- _Exercise description_
Only one stretch of the records below should be repeated. It starts with the line containing "Human Body With" and goes on through the line containing "14k Gold 1.5mm", exactly as written.

- _Extracted entries_
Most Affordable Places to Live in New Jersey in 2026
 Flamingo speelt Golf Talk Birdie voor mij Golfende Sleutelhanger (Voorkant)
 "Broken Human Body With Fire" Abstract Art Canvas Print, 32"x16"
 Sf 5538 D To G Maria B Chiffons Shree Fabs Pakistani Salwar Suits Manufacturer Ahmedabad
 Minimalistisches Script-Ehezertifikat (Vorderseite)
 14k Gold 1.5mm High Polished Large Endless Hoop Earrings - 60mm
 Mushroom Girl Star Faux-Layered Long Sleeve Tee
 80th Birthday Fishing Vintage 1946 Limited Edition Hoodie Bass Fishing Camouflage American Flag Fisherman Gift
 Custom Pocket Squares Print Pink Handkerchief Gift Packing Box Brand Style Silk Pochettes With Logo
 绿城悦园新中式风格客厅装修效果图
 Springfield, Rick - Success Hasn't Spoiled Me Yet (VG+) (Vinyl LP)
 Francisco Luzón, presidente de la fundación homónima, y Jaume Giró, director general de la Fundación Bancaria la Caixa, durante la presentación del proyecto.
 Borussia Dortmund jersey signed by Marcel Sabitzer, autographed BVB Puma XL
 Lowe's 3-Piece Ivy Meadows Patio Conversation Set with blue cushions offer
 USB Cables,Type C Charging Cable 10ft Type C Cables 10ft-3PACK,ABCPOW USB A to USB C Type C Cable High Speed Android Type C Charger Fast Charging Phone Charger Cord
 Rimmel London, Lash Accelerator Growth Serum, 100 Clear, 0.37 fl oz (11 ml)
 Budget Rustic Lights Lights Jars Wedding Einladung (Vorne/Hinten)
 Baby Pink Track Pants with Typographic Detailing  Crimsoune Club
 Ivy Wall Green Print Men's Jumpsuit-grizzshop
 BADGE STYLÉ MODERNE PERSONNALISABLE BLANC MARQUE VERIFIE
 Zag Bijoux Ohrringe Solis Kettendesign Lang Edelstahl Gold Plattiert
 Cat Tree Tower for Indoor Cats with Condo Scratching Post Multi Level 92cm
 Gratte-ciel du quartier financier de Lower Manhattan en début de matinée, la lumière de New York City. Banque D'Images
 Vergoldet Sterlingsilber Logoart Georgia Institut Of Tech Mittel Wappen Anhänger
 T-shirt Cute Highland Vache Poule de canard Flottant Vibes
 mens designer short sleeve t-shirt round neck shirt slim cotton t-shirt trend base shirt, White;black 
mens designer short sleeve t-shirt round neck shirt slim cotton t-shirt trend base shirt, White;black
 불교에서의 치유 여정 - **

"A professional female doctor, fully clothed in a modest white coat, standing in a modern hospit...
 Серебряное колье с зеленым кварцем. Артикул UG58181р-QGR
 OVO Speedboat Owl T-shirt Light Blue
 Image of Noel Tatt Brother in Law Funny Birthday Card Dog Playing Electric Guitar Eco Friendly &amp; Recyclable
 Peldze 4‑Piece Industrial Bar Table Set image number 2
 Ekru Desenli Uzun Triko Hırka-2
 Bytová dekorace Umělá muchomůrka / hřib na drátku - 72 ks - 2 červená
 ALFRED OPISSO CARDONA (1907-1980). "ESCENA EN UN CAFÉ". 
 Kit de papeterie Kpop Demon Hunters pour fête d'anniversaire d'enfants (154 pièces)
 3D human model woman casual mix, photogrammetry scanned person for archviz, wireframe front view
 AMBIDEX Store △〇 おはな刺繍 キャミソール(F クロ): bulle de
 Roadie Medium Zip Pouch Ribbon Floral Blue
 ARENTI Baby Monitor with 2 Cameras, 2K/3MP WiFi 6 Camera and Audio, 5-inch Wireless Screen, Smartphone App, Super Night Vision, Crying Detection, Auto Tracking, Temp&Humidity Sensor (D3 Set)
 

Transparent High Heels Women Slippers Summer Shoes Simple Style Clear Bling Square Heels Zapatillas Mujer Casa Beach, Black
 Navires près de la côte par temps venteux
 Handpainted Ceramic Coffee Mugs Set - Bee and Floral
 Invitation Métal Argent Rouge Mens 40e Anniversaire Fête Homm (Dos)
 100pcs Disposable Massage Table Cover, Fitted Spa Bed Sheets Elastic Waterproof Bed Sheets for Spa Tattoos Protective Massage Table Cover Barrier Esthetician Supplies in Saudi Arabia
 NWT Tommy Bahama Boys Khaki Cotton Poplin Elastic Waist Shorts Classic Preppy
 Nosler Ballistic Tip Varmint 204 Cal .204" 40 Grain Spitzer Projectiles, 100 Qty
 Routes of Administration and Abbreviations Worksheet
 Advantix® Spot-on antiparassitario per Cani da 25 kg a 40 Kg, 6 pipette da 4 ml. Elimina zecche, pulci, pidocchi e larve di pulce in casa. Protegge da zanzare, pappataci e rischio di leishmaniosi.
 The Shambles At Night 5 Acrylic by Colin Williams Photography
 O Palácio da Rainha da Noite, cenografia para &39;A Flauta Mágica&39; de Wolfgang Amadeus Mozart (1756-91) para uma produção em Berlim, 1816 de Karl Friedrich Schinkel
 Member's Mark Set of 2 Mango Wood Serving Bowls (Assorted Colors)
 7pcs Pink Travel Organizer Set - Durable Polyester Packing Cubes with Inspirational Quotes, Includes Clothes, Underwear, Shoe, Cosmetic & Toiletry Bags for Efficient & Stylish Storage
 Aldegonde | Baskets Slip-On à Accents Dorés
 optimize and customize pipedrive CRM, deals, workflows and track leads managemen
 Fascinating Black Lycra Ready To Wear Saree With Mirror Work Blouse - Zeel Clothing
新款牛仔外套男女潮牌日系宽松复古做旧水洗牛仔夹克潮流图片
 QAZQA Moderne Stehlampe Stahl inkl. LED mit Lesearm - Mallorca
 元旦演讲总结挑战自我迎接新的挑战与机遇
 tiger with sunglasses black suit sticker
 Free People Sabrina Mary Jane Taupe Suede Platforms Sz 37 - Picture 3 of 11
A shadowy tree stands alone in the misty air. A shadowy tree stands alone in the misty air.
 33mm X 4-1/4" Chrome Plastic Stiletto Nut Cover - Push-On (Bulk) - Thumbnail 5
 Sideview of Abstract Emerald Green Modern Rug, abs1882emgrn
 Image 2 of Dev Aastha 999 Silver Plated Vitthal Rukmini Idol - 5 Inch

- _Your solution_
 "Broken Human Body With Fire" Abstract Art Canvas Print, 32"x16"
 Sf 5538 D To G Maria B Chiffons Shree Fabs Pakistani Salwar Suits Manufacturer Ahmedabad
 Minimalistisches Script-Ehezertifikat (Vorderseite)
 14k Gold 1.5mm High Polished Large Endless Hoop Earrings - 60mm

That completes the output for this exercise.